Ver jovens negros ocupando a cena cultural e artística de Salvador como plateia e protagonista, sempre foi o sonho do produtor cultural, Nell Araújo, diretor do Teatro Jorge Amado, mas ele conhecia as dificuldades de reunir seus iguais e as suas próprias limitações financeiras. Por isso, em 2017, idealizou uma escola cultural que transformasse vidas: formasse cidadãos mais humanos, politizados, que soubessem a importância do negro na cultura Brasileira, evidenciassem suas lutas e conquistas.
Com pouquíssimos recursos, mas muita coragem e força de vontade, “nasceu” o Teatro Escola Jorge Amado, hoje, apenas Teatro Escola (TE) projeto gratuito, pioneiro no Norte e Nordeste, que acolhe em sua estrutura física e maternal, jovens negros entre 14 e 24 anos, maioria de escolas públicas e que, desde sua formação, já beneficiou mais de 500 jovens, tornando-se referência nacional pela formação oferecida, inclusive com práticas profissionais nas agências Juniores de notícias, produção, criação, etc.
A grade curricular tem aulas de produção cultural, teatro, dança, técnico em palco, maquiagem, libras e fotografia. Além das “matérias” interdisciplinares: ciências políticas, direitos humanos, literatura afro brasileira, cultura indígena, comunicação cultural e assessoria de imprensa, línguas de matrizes africanas e curso pré vestibular.
“Fui criado na Gamboa por minha avó, que me ensinou que, só com estudo, um jovem negro faria a diferença. Cresci numa favela marcada pelo preconceito e com muitos problemas sociais. Perdi amigos para o tráfico e vi muitos abandonarem a escola por dificuldades financeiras, mas não desisti”, conta orgulhoso o “menino” preto, que cresceu e se formou Relações Públicas.
“A faculdade foi um divisor de águas em minha vida. Ampliei horizontes e vivenciei a cultura no dia a dia.

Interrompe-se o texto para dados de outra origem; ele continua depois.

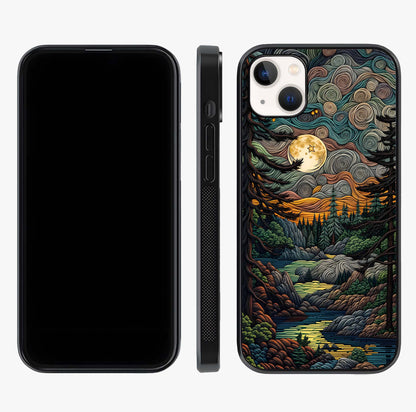 Moonlight Forest Dream Glass Case displayed upright for full design visibility and premium finish.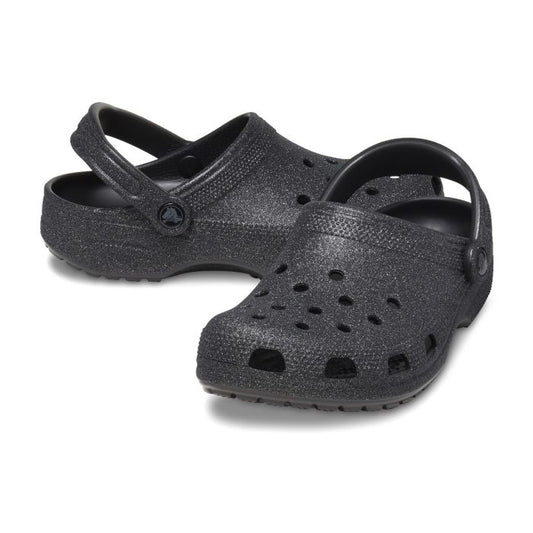Classic Glitter Clog-Black Glitter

Compreendi que estudo e cultura se completam”, afirma.
Reconhecido no mercado, foi fazer intercâmbio no Canadá, voltou pra assumir a direção do Teatro Jorge Amado, um dos mais tradicionais da cidade. “Nasci preto e pobre, mas, consegui e, se eu posso, todos podem! Tinha que unir aqueles que comungam dos meus ideais. Contribuir para formação cultural de jovens pretos para que se tornassem cidadãos mais humanos, conscientes de que, não é preciso muito dinheiro, só com amor e união, é possível fazer valer a pena”, garante Araújo.

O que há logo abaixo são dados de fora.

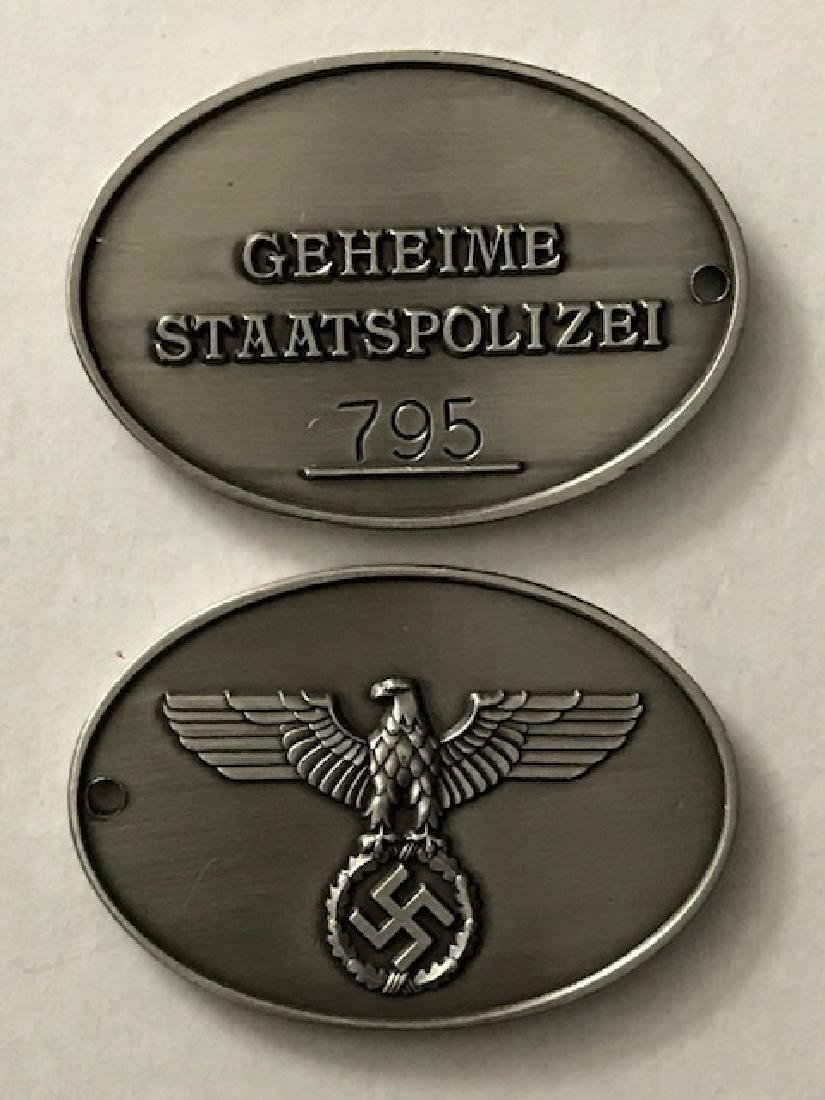Nazi German Secret State Police Gestapo Badge: Nazi German Secret State Police Gestapo Badge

“As pessoas foram chegando, professores voluntários e alunos, as turmas e disciplinas crescendo, até que tivemos nossa primeira amostra cultural, com o tema ‘identidade ancestral’ uma super produção dos alunos. Foi um dos mais belos espetáculos que já vi. Apesar das dificuldades, já era realidade”, fala emocionado.
Hoje, o projeto que também estimula os alunos com produções mensais, como “Café com Cultura” e está formando cerca de 200 alunos, entre eles, quatro integrantes do Coletivo Underismo – Movimento Retilíneo dos Largados. “Trevo” = Roger, “Senpai” = Darlan, “Dj Moura” = Adilton e “Ares” = Alfer garantem que tudo que lhes têm sido ofertado como ferramenta profissionalizante está sendo bem aplicado na prática. “Todo conhecimento que adquirimos, aplicamos nos nossos ‘corres’ diários como artista nas ruas de Salvador” afirmam.
Já o aluno e ator Jandson Silva, morador da bairro Itinga, em Lauro de Freitas, diz que o Teatro Escola foi e será sempre a experiência mais incrível da sua vida “o aprendizado e ensino, prático e teórico, são de primeira. As aulas interdisciplinares ampliam nosso conhecimento artístico e cultural. É uma oportunidade única pro negro periférico de escola pública. Um projeto de transformação, que me faz um artista mais completo e um cidadão do bem mais consciente”, afirma.
Na opinião da vice diretora do projeto, a produtora cultural Janaína Costa, “projetos que ressaltam a importância do negro no ramo cultural e educacional, evidenciando suas conquistas e capacidade estão começando a ganhar espaço e credibilidade junto às comunidades sociais, formadores de opinião e patrocinadores”, acredita. E conclui dizendo que “os voluntários de projetos como este, ganham pela oportunidade de aprofundar o olhar e aprender a se importar com aqueles que só precisam de um contato ou uma chance para brilhar de forma mais igualitária e humana”.